→ **Task description**: All records must be quoted exactly. Omit the pictures.

(Web page caption snippets)

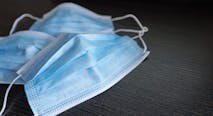 Respiratory mask on desk in office, Protective medical mask with 2019-nCoV, Coronavirus protection concept.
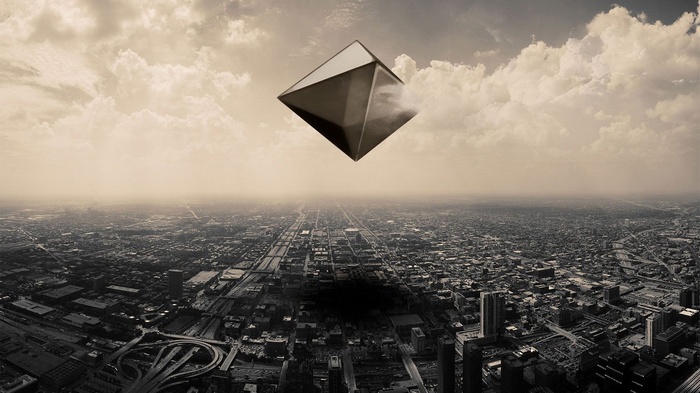 Ramiel the Angel from Neon Genesis Evangelion over a city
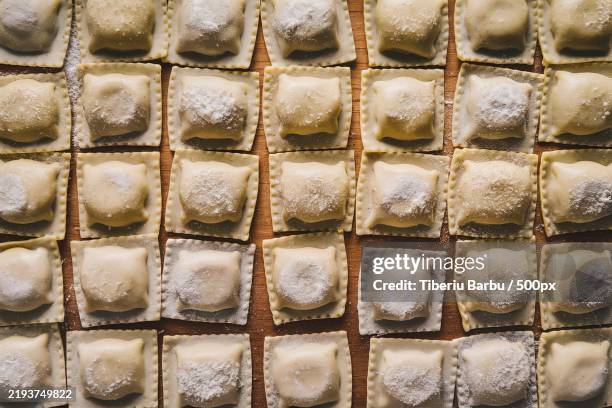 raw traditional italian ravioli with flour,basil,egg,and salt on a wooden board - ravioli fotografías e imágenes de stock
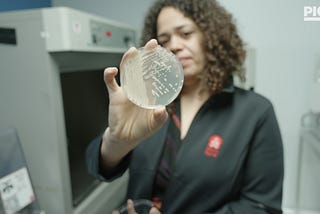 Sarah Richardson, CEO of MicroByre, holds up a petrie dish with bacterial cultures for the camera.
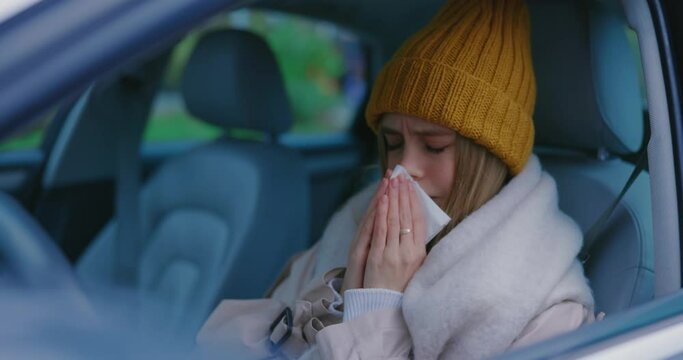 Unhealthy girl young sick woman sitting in car suffering fever allergy sneezing into paper tissue commuting to work. Coronavirus outbreak. Pandemic. Healthcare concept.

→ **Answer to this task**:
 Respiratory mask on desk in office, Protective medical mask with 2019-nCoV, Coronavirus protection concept.
 Ramiel the Angel from Neon Genesis Evangelion over a city
 raw traditional italian ravioli with flour,basil,egg,and salt on a wooden board - ravioli fotografías e imágenes de stock
 Sarah Richardson, CEO of MicroByre, holds up a petrie dish with bacterial cultures for the camera.
 Unhealthy girl young sick woman sitting in car suffering fever allergy sneezing into paper tissue commuting to work. Coronavirus outbreak. Pandemic. Healthcare concept.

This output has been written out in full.